日本歌人クラブ南関東大会 於)神奈川県民活動サポートセンター(県民センター)
日本歌人クラブ南関東大会は、神奈川、埼玉、千葉の三県で、順繰りに開催される。僕は病気療養中だったので、神奈川で開催されるときだけ参加してきた。
このブログを開設したばかりのころ、「北原白秋」をテーマとしたパネルディスカッションがあった。そこで、斎藤茂吉と北原白秋が、同じ題材の作品を残しているのを知った。このことは、写実と象徴の関係を考える上で貴重だった。『斎藤茂吉と佐藤佐太郎』(角川学芸出版刊)に「斎藤茂吉、北原白秋歌合せ」というタイトルで書いた。
こういった大会は、歌論の進展にも、実作上の問題を考えることにとっても、貴重な体験だ。
今回も新しい発見があった。
1、 松平盟子による記念講演 「晶子と啄木ー姉弟のような親愛とふたりの短歌」
与謝野晶子と石川啄木は、同時代を生きた。雑誌『明星』の有力な書き手でもあった。講演は二人の年譜を辿りながら行われた。
印象に残ったことが、幾つかあるので紹介しよう。
二人は「浪漫派」だが、この「浪漫派」の隆盛の背後には、日清戦争の勝利のあとの社会の高揚があるということだった。日露戦争が「青息吐息」で終わったことにより「浪漫派」にかわり「自然主義文学」が文学の中心となった。これで『明星』は廃刊する。
与謝野家の経済状態は悪化し、与謝野晶子が出版する歌集などしか収入源がなかった。かなり厳しい生活を強いられていた。それから脱却するために、与謝野鉄幹はパリへ遊学し、晶子もそれに続いた。これが二人の文学の新境地となった。
石川啄木は、『明星』最盛期のころ文学を志し、たびたび上京して、与謝野夫妻にかわいがられた。『明星』に発表した、短歌には、晶子の『みだれ髪』の影響が大きい。のち、石川啄木は、社会との格闘があり、心情的には「自然主義」を志向するようになる。しかし松平によると、志向しても文体が確立できず、その苦悩が、「食らうべき詩」や、『哀しき玩具』にあらわれていると言う。
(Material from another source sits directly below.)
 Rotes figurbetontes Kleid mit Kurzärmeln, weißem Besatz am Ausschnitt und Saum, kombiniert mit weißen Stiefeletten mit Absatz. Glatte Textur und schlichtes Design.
啄木が失意の中で死んだのは「才能だけに生きた」ためであり、与謝野夫妻が活動を継続出来たのは、「パリ遊学」が大きな影響を与えたと言う。
才能があっても学習を怠れば、「才能を活かすことは出来ない」のだろう。「浪漫主義」から「自然主義」への転換については、文学潮流の盛衰には、時代の要請、時代の投影があるのだろう。
穂村弘は「バブルを背景に出て来た」と言ってはばからないが、時代に乗っかっただけでは、先はないだろう。そんなことを考えた。
2、パネルディスカッション「寺山修司の比喩を考える」
ここでは、4人のパネラーが、直喩、暗喩に分けて、意見を交わした。様々なことが論じられたが、寺山修司の作品には、「少年時代の回想」「故郷に対する複雑な思い」「母との気持ちのすれ違い」「父を戦争で亡くした喪失感」など、極めて私性が強いことが感じられた。文体は奇抜で、装飾過剰なところがあるものの、作品の主題は明確だ。これは新しい発見だった。
「詩人の聲」への参加は、50回を越えた。そこで学んだのは、それらしき言葉が並んでいても、作品の主題がなければ文学たりえないということだ。プロジェクトに参加している詩人たちはそれを聞きわける。
最近感じていたことを、別の方向から確認した気持ちだ。僕はこの八月に京都で開催される「塔短歌会」60周年のシンポジウムに参加する。発言の機会があれば、このことを報告したい。